None of this is new (in fact, I can recall that back in 2009 resort officials on Lanai ordered tourists off the beach because they feared a North Korean missile would hit there). More than ever, everyone in Hawaii needs to get a grip. News organizations especially need to stop looking on North Korea terror stories as click-bait and start making sure their headlines are as rational as the reporting in their stories.
North Korea is not going to lob nuclear missiles at Hawaii–at least, not anytime soon. Of that, military analysts agree. The North Korean government simply doesn’t have any missiles capable of hitting us.
“North Korea is still a few years away from being able to target U.S. territory,” wrote Sharon Squassoni, director of the Proliferation Prevention Program at the Center for Strategic and International Studies and member of the Bulletin of Atomic Scientists‘ Science and Security Board in an April 14, 2017 op-ed for Teen Vogue (don’t laugh–they’re posting some of the best political writing out there right now). “It has been testing an intermediate-range missile, the Musudan, which could possibly reach Guam if the most optimistic estimates are right, but reaching Hawaii would require a missile to fly well over 4,000 miles. North Korea’s only missile with a tried-and-true, demonstrated range flies only 1,000 km (about 620 miles).”
Right now, nuclear war with North Korea threatens South Korea and Japan, but not Hawaii. Sure, this might change in a few years, but right now, it does not include Hawaii.
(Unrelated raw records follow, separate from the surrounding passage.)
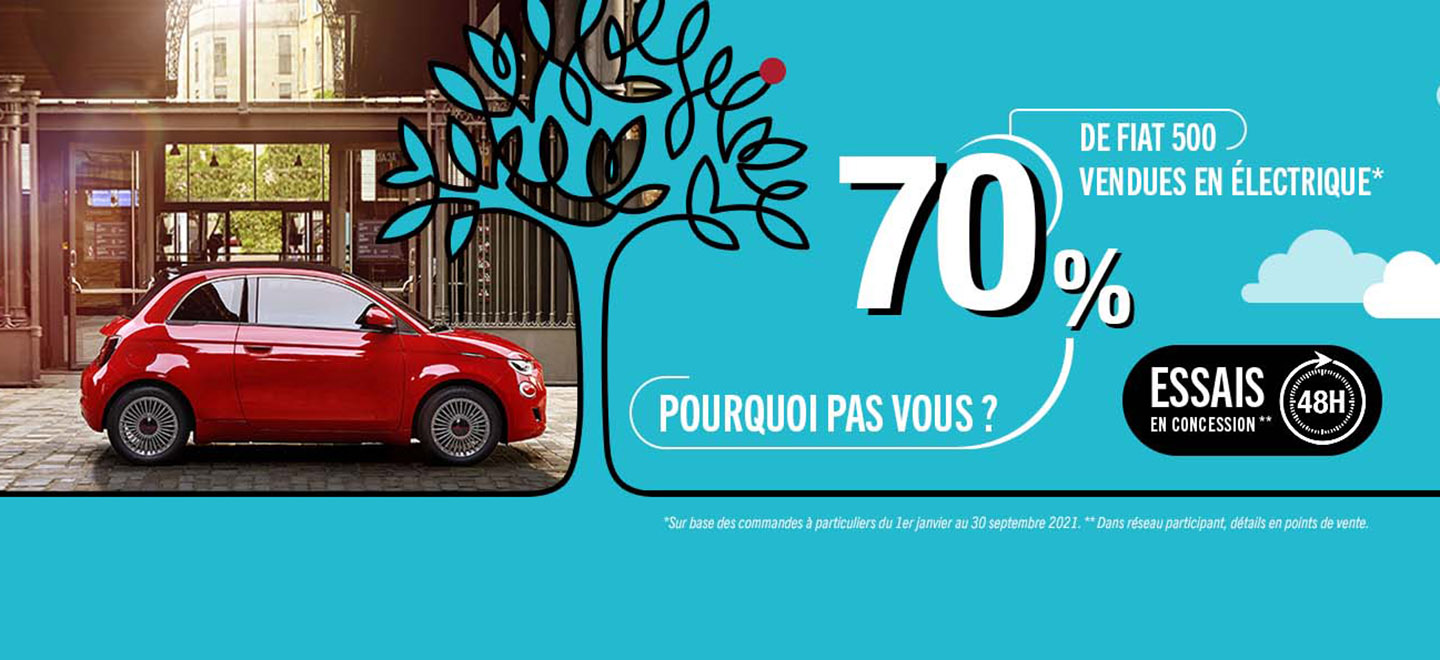 Nouvelle Fiat 500 électrique Nouvelle Fiat 500 électrique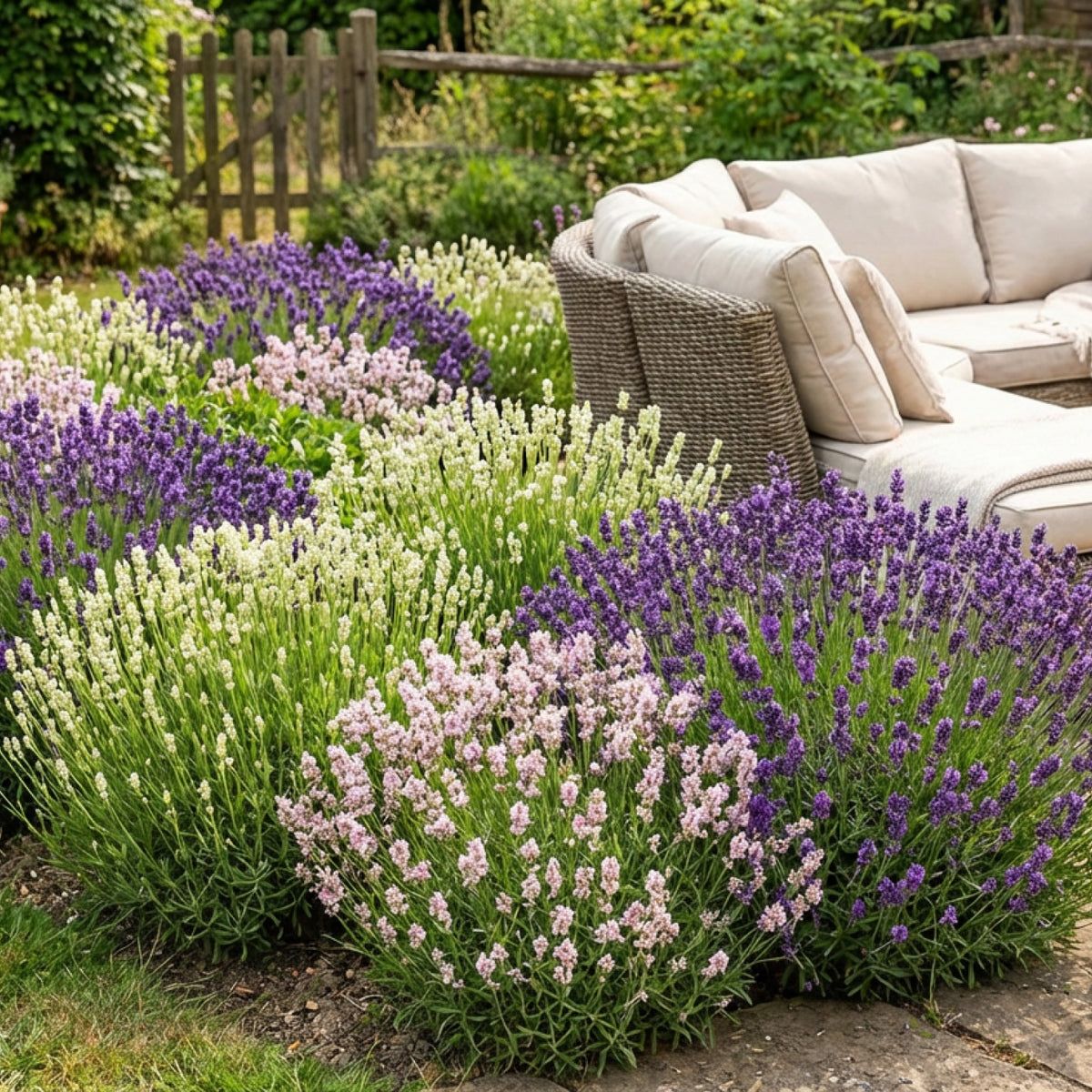 Stauden-Set Lavendel-Mix Dreifarbig (9er Set)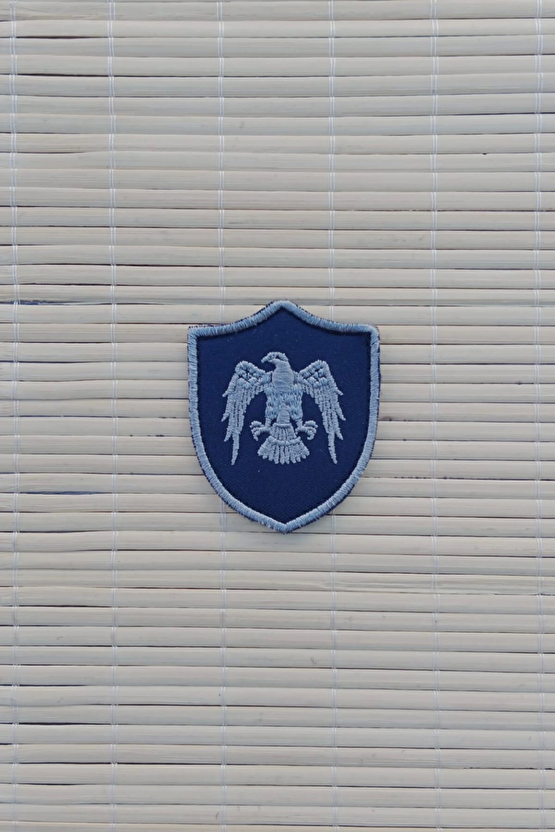 Hava Kuvvetleri Lacivert Zemin Kartal Nakisli Mini Polar Er Rutbe Arma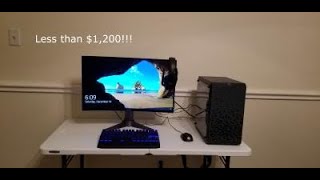 Gaming Setup for UNDER $1,200 (2020)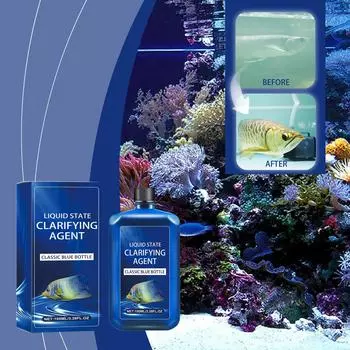 100 мл очиститель аквариумной воды для чистки аквариумов, безопасное и эффективное средство для удаления водорослей, очистка воды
Once you read past the white knuckle headlines of local stories, it’s clear the “threat” from North Korea is being overblown. Pretty deep into that Star-Advertiser story mentioned above is the following quote from Hawaii Emergency Management Administrator Vern Miyagi: “If you were to ask me what is the status of North Korea, and is (a missile attack) a high probability, no, it’s a low probability.” As the article explains, Miyagi is a “retired Army two-star general who served at the Pacific Command as senior adviser for military support to civil authorities operations and Reserve and National Guard affairs,” so his credentials are pretty solid.
It helps to understand why North Korea, one of the most reclusive nations on earth, has been seeking nuclear weapons for the last few decades. The reason is actually pretty simple.
“Above all else, North Korea’s nuclear programme is about security–it is, by their estimation, the only reliable guarantee of the country’s basic sovereignty, of the Communist regime’s control, and of the rule of Kim Jong-un,” said Professor John Delury, of the Yonsei University Graduate School of International Studies, in this Sept. 9, 2016 BBC article. “North Korea learned from Iraq that Saddam Hussein’s mistake was he did not possess the weapons of mass destruction he was falsely accused of having. Libya taught a similar lesson. So, until we can help Pyongyang find a credible substitute to guarantee its security, and give Kim Jong-un the kind of prestige that comes with being a member of the nuclear club, then we can expect more tests, more progress and more ‘provocations’.”
Above all else, North Korea wants nuclear weapons to deter an American attack and invasion. Given our history of routinely bombing, invading and occupying poor nations–to say nothing of the bombastic blather of President Donald Trump–I’d say North Korea has a great deal more to fear from us than we have from them.
This is something every American, in or out of Hawaii, needs to understand: where North Korea is concerned, the United States is the biggest threat in the world. This predates the loon Trump by many decades, and will likely continue long after he’s finally out of power (assuming he doesn’t provoke China or even Russia into nuking us).